Source data Block Start

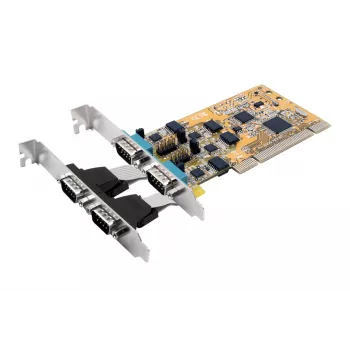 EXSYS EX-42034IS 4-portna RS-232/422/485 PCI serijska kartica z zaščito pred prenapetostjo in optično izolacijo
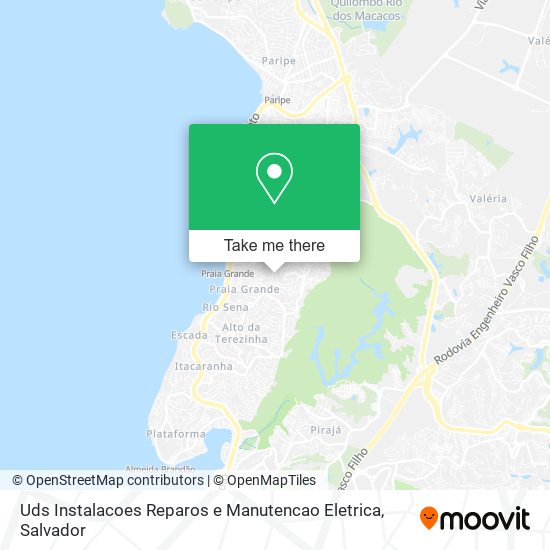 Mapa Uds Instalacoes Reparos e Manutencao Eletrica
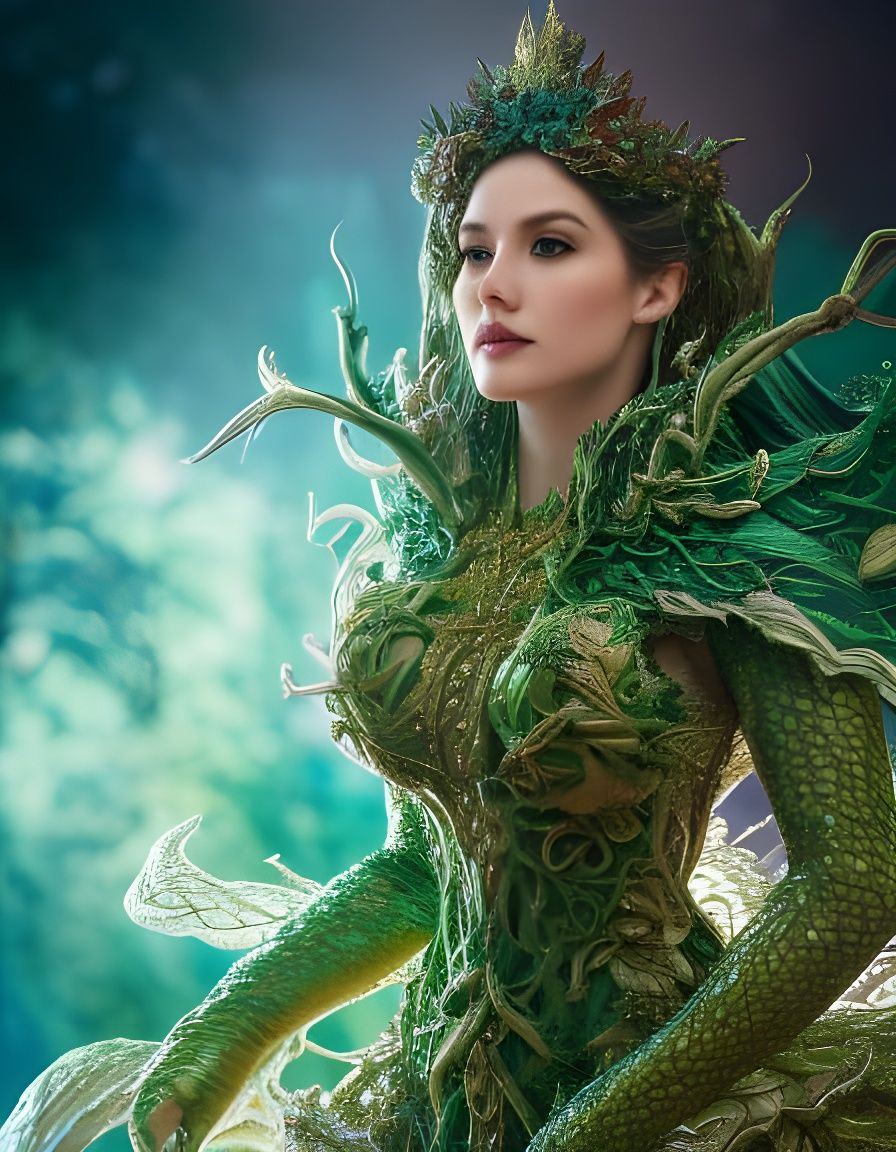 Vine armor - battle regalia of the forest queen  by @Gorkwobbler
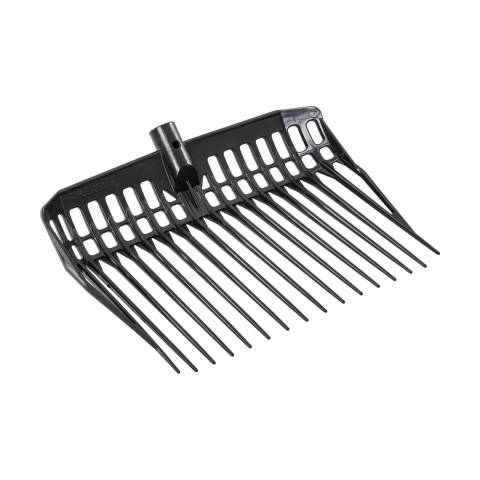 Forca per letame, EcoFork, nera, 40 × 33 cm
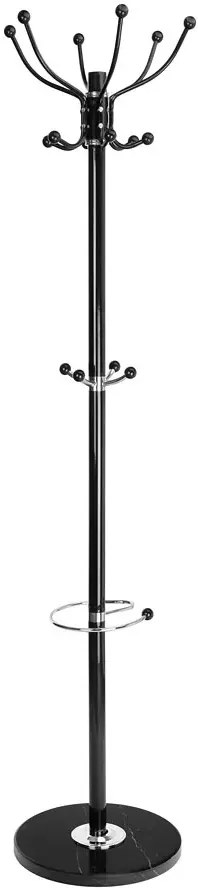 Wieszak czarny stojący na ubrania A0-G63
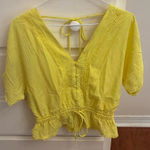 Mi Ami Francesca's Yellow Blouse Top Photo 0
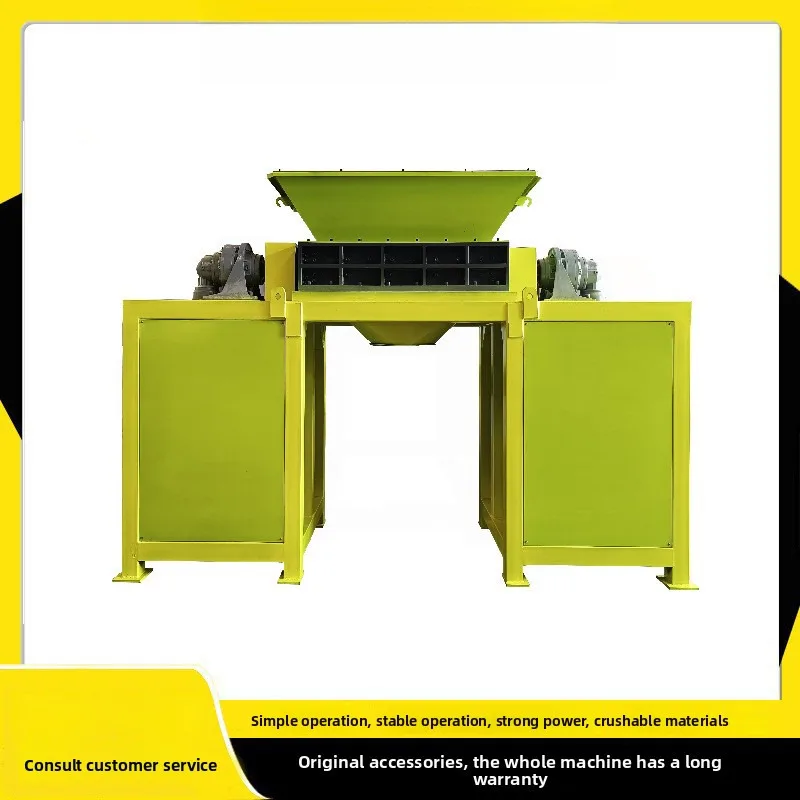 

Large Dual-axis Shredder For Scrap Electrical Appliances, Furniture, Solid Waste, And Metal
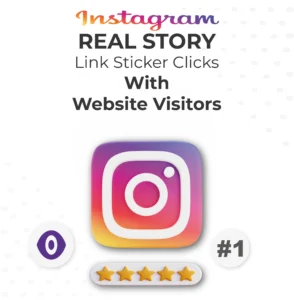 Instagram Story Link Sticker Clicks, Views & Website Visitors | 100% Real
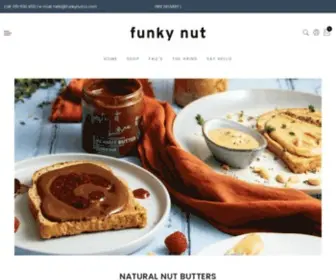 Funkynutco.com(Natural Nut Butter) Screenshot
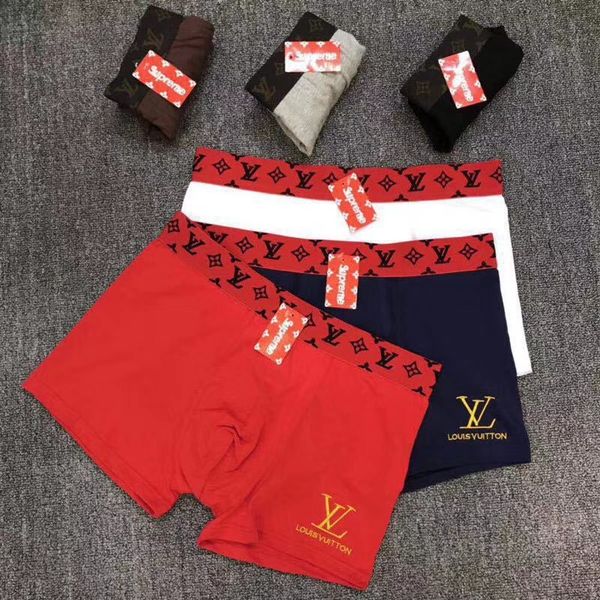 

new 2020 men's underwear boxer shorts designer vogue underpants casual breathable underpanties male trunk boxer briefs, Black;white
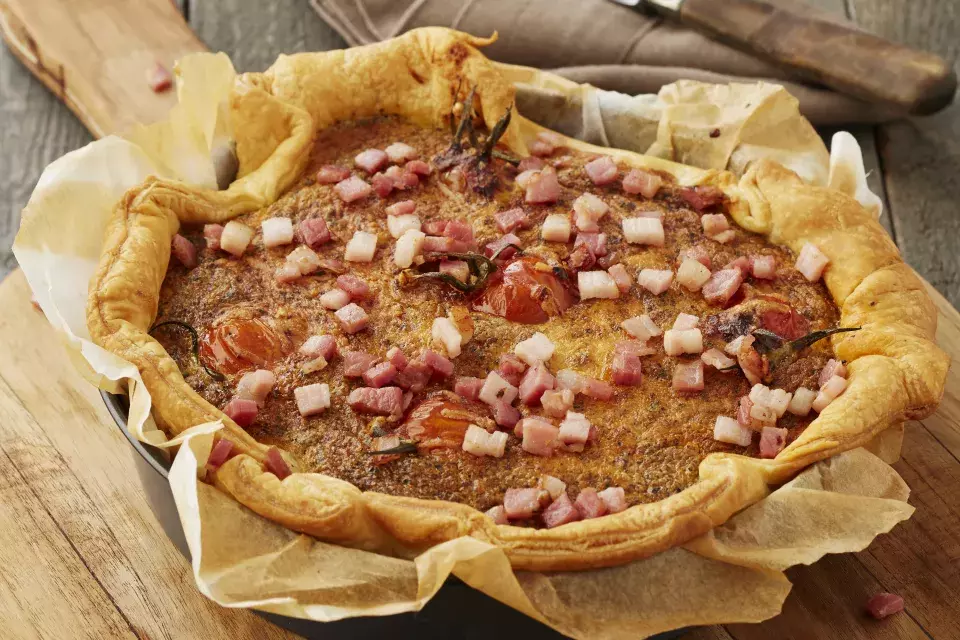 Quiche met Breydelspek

Source data Block End

(Problem to work on)
Set down the material exactly as given, but print none of the pictures.

(Solution below)
 EXSYS EX-42034IS 4-portna RS-232/422/485 PCI serijska kartica z zaščito pred prenapetostjo in optično izolacijo
 Mapa Uds Instalacoes Reparos e Manutencao Eletrica
 Vine armor - battle regalia of the forest queen  by @Gorkwobbler
 Forca per letame, EcoFork, nera, 40 × 33 cm
 Wieszak czarny stojący na ubrania A0-G63
 Mi Ami Francesca's Yellow Blouse Top Photo 0

Large Dual-axis Shredder For Scrap Electrical Appliances, Furniture, Solid Waste, And Metal
 Instagram Story Link Sticker Clicks, Views & Website Visitors | 100% Real
 Funkynutco.com(Natural Nut Butter) Screenshot

new 2020 men's underwear boxer shorts designer vogue underpants casual breathable underpanties male trunk boxer briefs, Black;white
 Quiche met Breydelspek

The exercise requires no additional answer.